I did notice that Polaroid now has Pogo, and that looks inexpensive and a possibility.  Anyone have any experience with this?

What are my other options?  

Also, how am I going to smoothly run this operation? Organize getting the prints out timely w/o long waits.

What about a fee for my time?  We are talking about maybe 70-100 kids in central KY.


----------



## Garbz (Oct 25, 2009)

Given that even Canon's cheapest inkjet printer support PictBridge, where you can plug your camera directly into the camera via USB and click print on the camera, I don't see why this is an issue. 

Sure you can make it more complicated. Such as put a laptop, connect the camera to the laptop and via software like cameracontrol pro print directly to printer. But really take photo, press 3 buttons on the camera, picture comes out of printer.

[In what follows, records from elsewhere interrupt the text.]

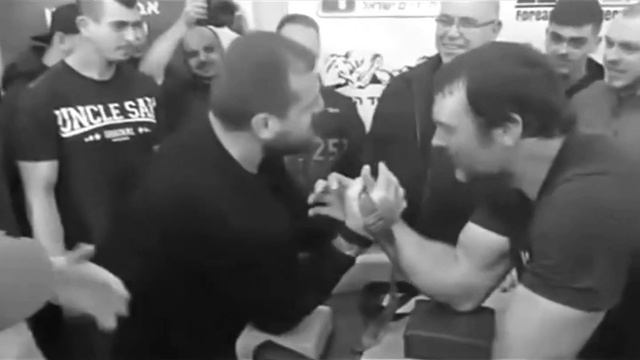 DEVON LARRATT VS THE GIANT GIORGI USHARAULI (ARMWRESTLING SPARRING) смотреть онлайн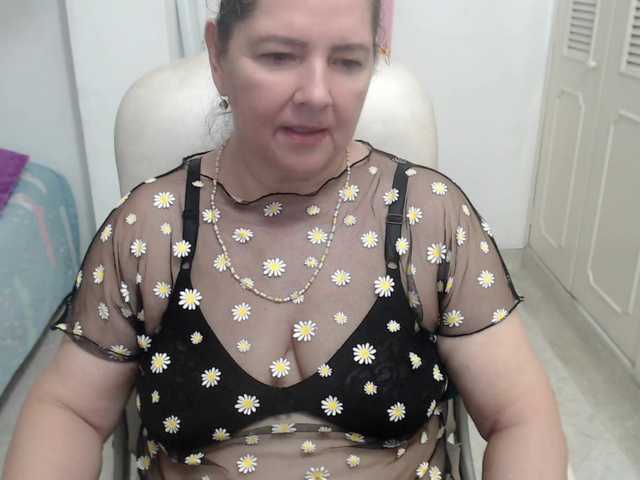 leonela-68 live cam on BongaCams
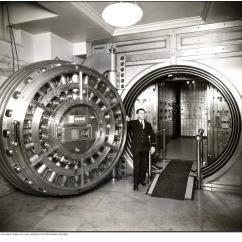 Profile Picture of Peter Dickens (@AdvertiseVault) on Twitter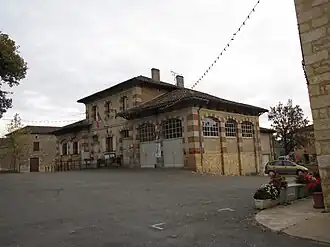 The town hall in Montcabrier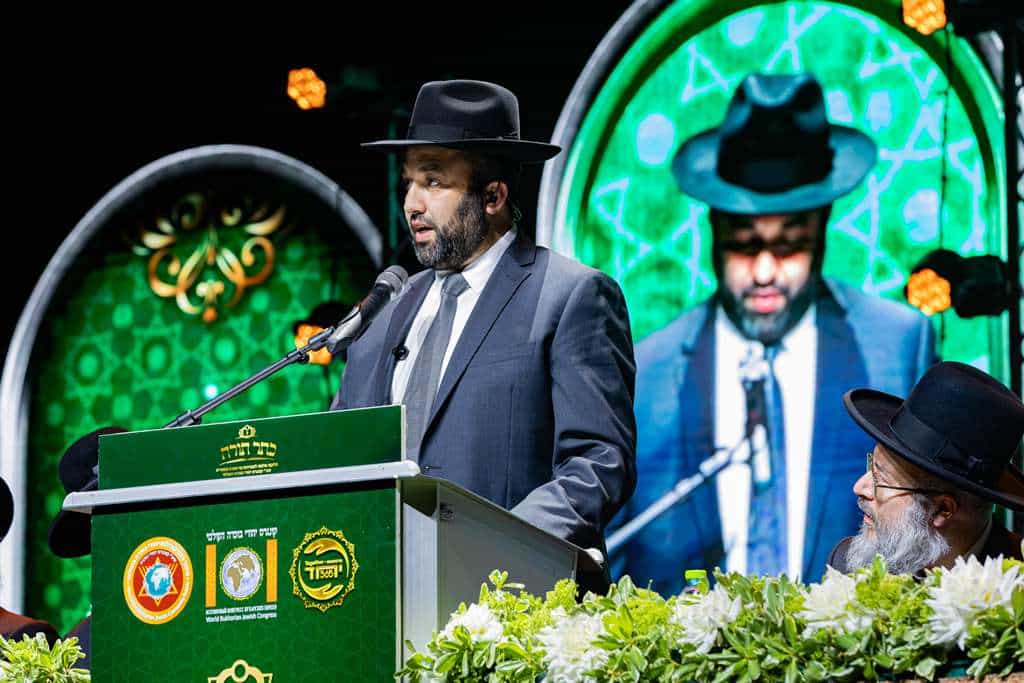 הגדולים הגיעו לכבד את לומדי התורה מהעדה הבוכרית • גלריה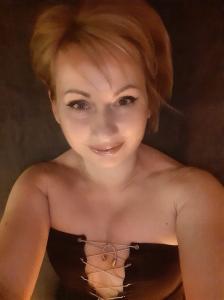 667796035: Chica busca chico en Almería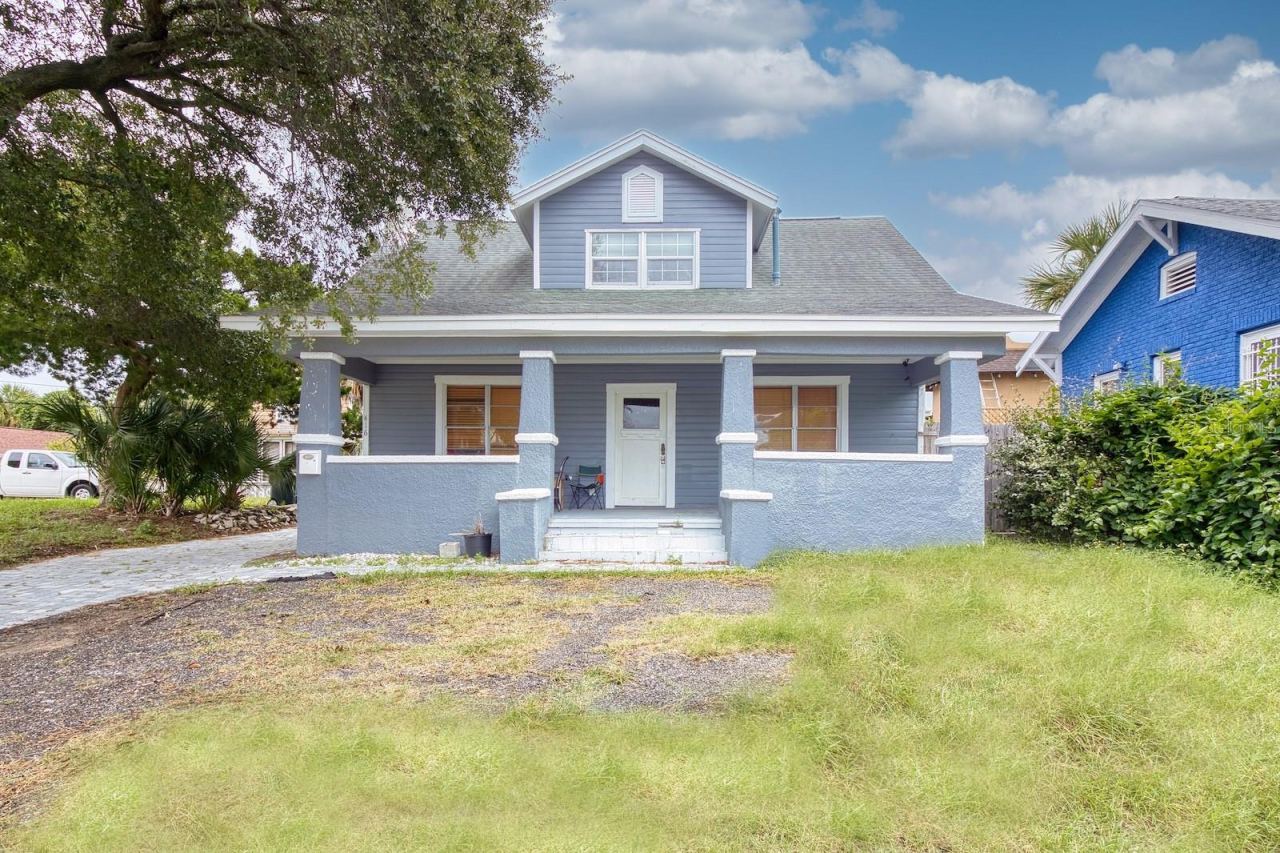 416 N Peninsula Dr, Daytona Beach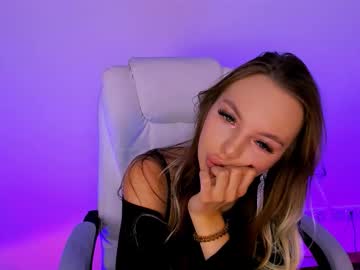 Silver_Bella Chaturbate stream image from August 11, 2025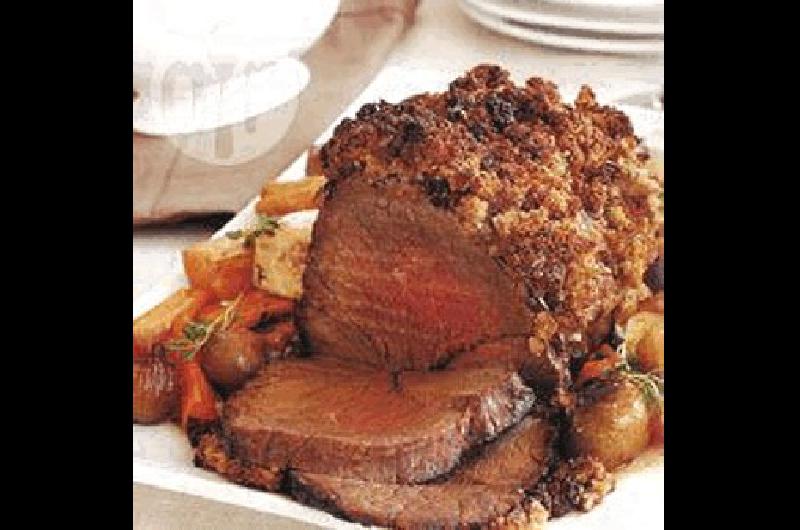 Carne asada al horno con crocante de tomillo y semillas de hinojo
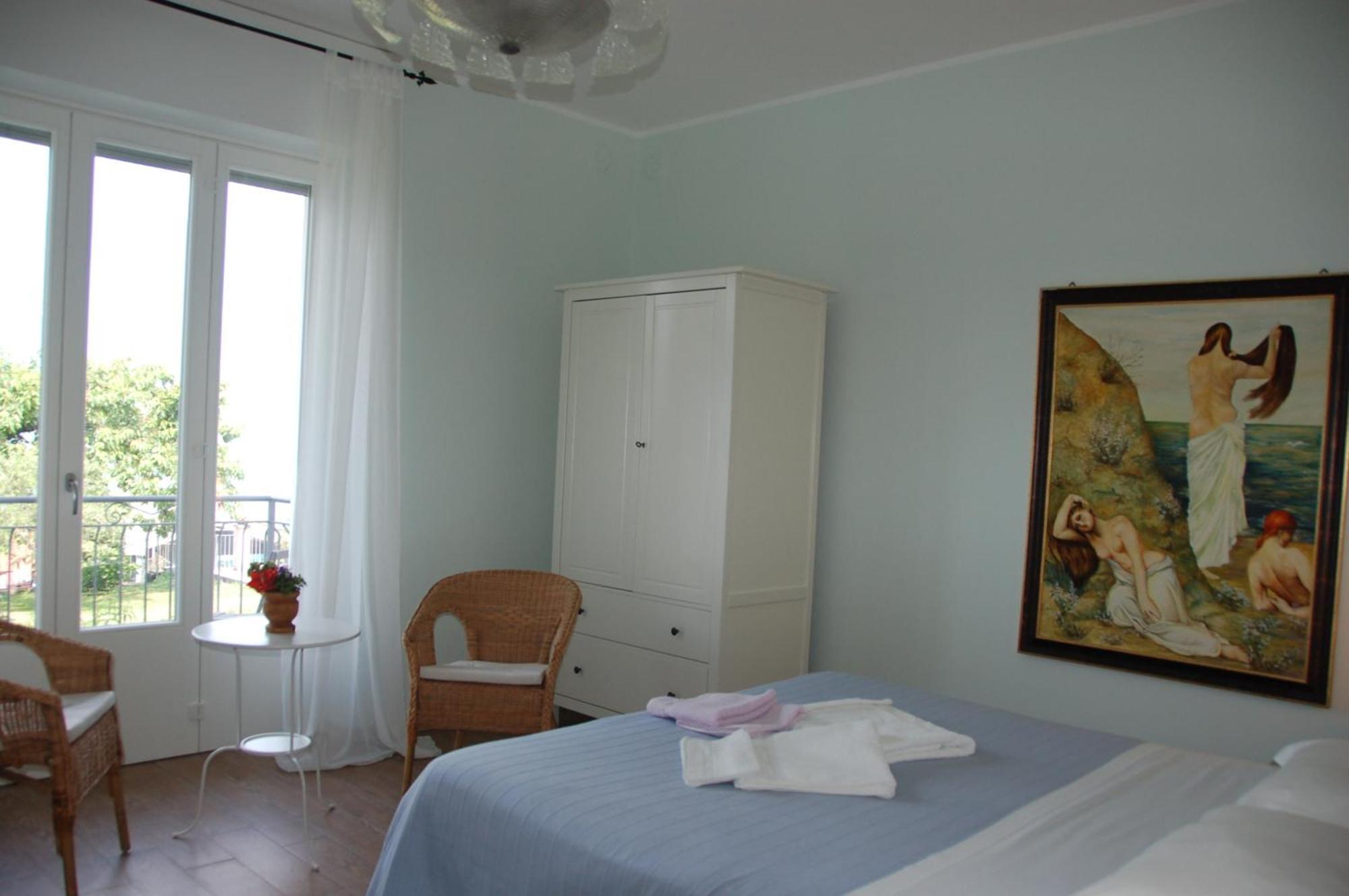 B&B Cherry En Rose Lezzeno Bagian luar foto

If you want to get really fancy get a small LCD tv and connect it to your camera's AV out so they can see the picture when you take it and before they buy it.


----------



## PatrickHMS (Oct 25, 2009)

Or have an assistant, maybe spouse or significant other with you, with a laptop - card reader - printer setup. Use multiple (2-3 should do it) memory cards, swap out card every new photo subject. Have assistant print out card, exchange cards each new subject.

Since you are new to this (or I am just assuming) that way you can concentrate on taking the photos, let someone else do the printing and feeding empty cards back to you.

Give your card out with each set of prints.

If you get a smooth system down and working, it might even get you other work this time of year. Malls, kids places like Chuck E. Cheese, pet stores like PetSmart, schools, Kindergartens, who knows?

GOOD LUCK!!!!


----------



## MadMacMom (Oct 26, 2009)

Thank you, this is what I was looking for!  I have a HP Photosmart 375 I can use, but I wasn't sure how to go about printing w/o interupting taking photos.  I have only one camera, so I couldn't very well stop taking photos every 10 or so peeps to print those out.  I am expecting 150-200 photos.  So I also couldn't really shoot them all and then spend an additional 2-3 hours just printing them out.  I don't know why I never thought to switch memory cards. I have 4 cards. 

The business I am doing this for said they looked into a Canon system to print photos for them, do you know what they are talking about?


----------



## JamesMason (Oct 26, 2009)

Shoot tethered into aperture and rent a subliminal dye printer to print instantly. Nice and smooth and you will get top quality.


----------